With the new ESPN deal, the timing of its scheduled conclusion is arguably just as important as when it begins. The contract that Brodkin and Mandel negotiated will expire in the spring of 2032, just as the men’s deal with CBS and Warner Bros. Discovery comes to an end. That synced timing was intentional, leaving hope of rectifying at least one more major inequity.
The current CBS-WBD deal for the men’s tournament includes a sponsorship component that is hugely problematic for the women’s tournament: The NCAA’s corporate partners program, sold by the two networks, requires brands to buy sponsorships in the men’s tournament before signing on to any other sport. In other words, no company is allowed to buy a women’s tournament sponsorship à la carte. This creates a huge cost-barrier to brands that want to activate around the women’s tournament. They may not be able to afford the men’s buy-in—and they may not want to. Plenty of companies—feminine hygiene products, for example—see value in partnering with women’s basketball exclusively. But now, by timing the ESPN and CBS-WBD deals to wind down at the same time, the NCAA will have a chance to redo a future corporate partners program that doesn’t hinder the women’s tournament.
The timing of that future termination date also allows the NCAA to consider a completely new strategy for selling D-I basketball. The NCAA has more than 40 championships to sell, including the men’s and women’s tournaments. Could the governing body regroup these properties to get higher bids? “You should give people options,” says Octagon’s SVP of global media rights consulting, William Mao. “Lay out a menu.” A couple of different combinations, he says, could include spinning off women’s basketball and selling it as a stand-alone property, or selling all D-I basketball—men’s and women’s—together.
At first glance, selling the men’s and women’s tournaments together in 2032 could prove once and for all that the two events are on equal footing.

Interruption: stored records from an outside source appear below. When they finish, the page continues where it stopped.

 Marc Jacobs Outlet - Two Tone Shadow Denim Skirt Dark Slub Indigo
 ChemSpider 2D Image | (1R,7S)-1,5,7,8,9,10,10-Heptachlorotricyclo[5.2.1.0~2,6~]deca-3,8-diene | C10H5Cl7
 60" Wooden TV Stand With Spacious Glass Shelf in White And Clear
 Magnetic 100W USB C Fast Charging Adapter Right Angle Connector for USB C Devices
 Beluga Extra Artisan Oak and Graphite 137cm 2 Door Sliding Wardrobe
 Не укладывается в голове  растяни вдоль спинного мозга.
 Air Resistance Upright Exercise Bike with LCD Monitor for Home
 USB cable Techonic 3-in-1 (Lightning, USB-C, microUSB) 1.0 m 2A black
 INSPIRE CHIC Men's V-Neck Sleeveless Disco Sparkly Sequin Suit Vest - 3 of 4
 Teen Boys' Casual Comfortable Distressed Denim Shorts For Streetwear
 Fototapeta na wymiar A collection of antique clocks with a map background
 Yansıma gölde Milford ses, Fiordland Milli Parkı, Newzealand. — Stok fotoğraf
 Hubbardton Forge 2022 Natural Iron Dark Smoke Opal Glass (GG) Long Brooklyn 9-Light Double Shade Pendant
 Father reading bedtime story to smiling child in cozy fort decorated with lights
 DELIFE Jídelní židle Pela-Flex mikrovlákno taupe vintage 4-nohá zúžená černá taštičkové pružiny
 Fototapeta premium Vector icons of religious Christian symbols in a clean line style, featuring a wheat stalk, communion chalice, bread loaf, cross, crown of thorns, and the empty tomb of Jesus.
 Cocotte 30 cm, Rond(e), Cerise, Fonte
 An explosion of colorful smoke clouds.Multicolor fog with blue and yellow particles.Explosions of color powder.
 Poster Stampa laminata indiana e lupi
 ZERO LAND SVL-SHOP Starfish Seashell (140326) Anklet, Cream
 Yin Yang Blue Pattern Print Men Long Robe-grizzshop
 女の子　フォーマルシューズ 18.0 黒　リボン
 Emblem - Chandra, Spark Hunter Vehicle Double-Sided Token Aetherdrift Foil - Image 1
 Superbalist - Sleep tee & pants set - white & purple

But if history is any indicator, the women’s tournament would almost certainly make more money if it was sold by itself. Across the sports landscape, bundling men’s and women’s properties together almost always ends up with a women’s event getting the short end of the stick—just look at the World Cup media rights.
In any case, there are very few media companies with enough channels and streaming platforms to broadcast not one but two overlapping fields of 68, Mao says. Adding another wrench is the upcoming arrival of an ESPN-Fox-WBD bundle, informally referred to as “Spulu,” which could allow all three networks to profit off one another’s inventory but leave the future of March Madness Live hanging in the balance.
From a broad NCAA standpoint, there could be enough other popular events beyond basketball to sustain a separate media-rights package that doesn’t include D-I women’s hoops. Championships in baseball, softball, women’s gymnastics, and volleyball have seen growth in recent years, and less-popular or lower-division championships could ride their coattails. But the NCAA could also decide, again, to stick women’s basketball in the package, sacrificing a few extra million dollars in women’s March Madness rights for the good of the group.
There are no (serious) estimates for how much either tournament could be worth by 2032, given how quickly the broadcast-rights economy can change between now and then. Realistically, in eight years the NCAA itself may no longer even exist. But it’s clear that women’s basketball is growing in popularity, and that growth isn’t slowing down.
“It’s a moment, like people are saying—but it’s more than a moment,” UConn women’s coach Geno Auriemma told reporters this week. “Sometimes moments become minutes, and minutes become hours, and hours become days. And the next thing you know, it becomes part of the national pastime.”
Men’s March Madness can only hope to keep pace.